Orrick pointed out in the injunction that the Justice Department argued the order only applies to three grants that it could already enforce under existing law — but that the plain language of the order is so broad as to address all federal funding.
While the Justice Department disavowed any right to stop the billions of dollars San Francisco and Santa Clara County receives each year, Orrick wrote, “if there was doubt about the scope of the Order, the President and Attorney General have erased it with their public comments.”
Trump and his administration trumpet the executive orders as fulfilling campaign promises to get tough on immigration enforcement.
Four days before the injunction, the Justice Department sent letters to nine jurisdictions requesting validation of compliance with federal immigration laws or risk grant money.
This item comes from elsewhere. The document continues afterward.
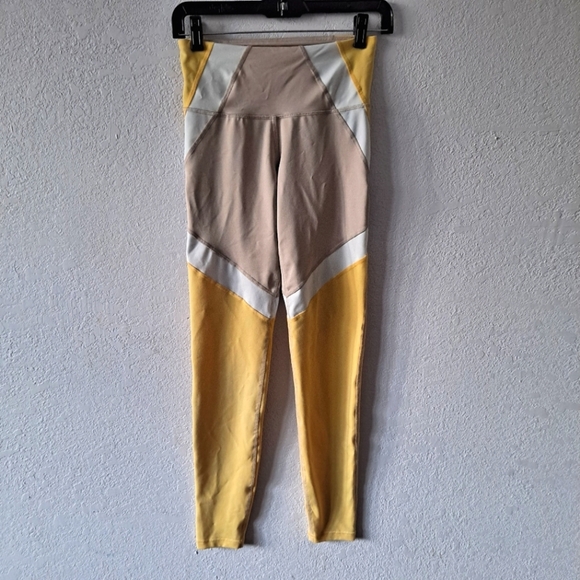 Old Navy Pants - Old Navy Active Yellow Workout Leggings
There would be no nationwide injunction had the administration simply sent out the letters instead of Trump issuing an executive order, said Josh Blackman, a professor at the South Texas College of Law in Houston.
And there’s a parallel to the Trump administration’s ban on U.S. entry for refugees and certain immigrants and travelers from Muslim-majority nations, Blackman wrote on his blog. Federal judges have stopped implementation of the travel ban as well, and cited the comments of Trump and administration officials in their orders.
“Had President Trump quietly instructed his State Department officials to quietly put on hold any visa application from these countries, and to suspend specific visas of individuals from these nations, without the dramatic flare of an executive order, there would not have been a nationwide injunction,” Blackman wrote.
“This early bravado has, in no small part, led to defeat after defeat in court,” he wrote.
There are other signs that Trump and the government lawyers representing him in court aren’t on the same page.
Trump took to Twitter on April 26 to complain that the travel ban and sanctuary cases were brought in the jurisdiction of the U.S. Court of Appeals for the 9th Circuit. “They used to call this ‘judge shopping!’ Messy system,” the president wrote.
But the previous day, Justice Department lawyers defending a separate challenge to the sanctuary jurisdiction order by the city of Richmond, California, agreed it was proper to bring that case in the Northern District of California.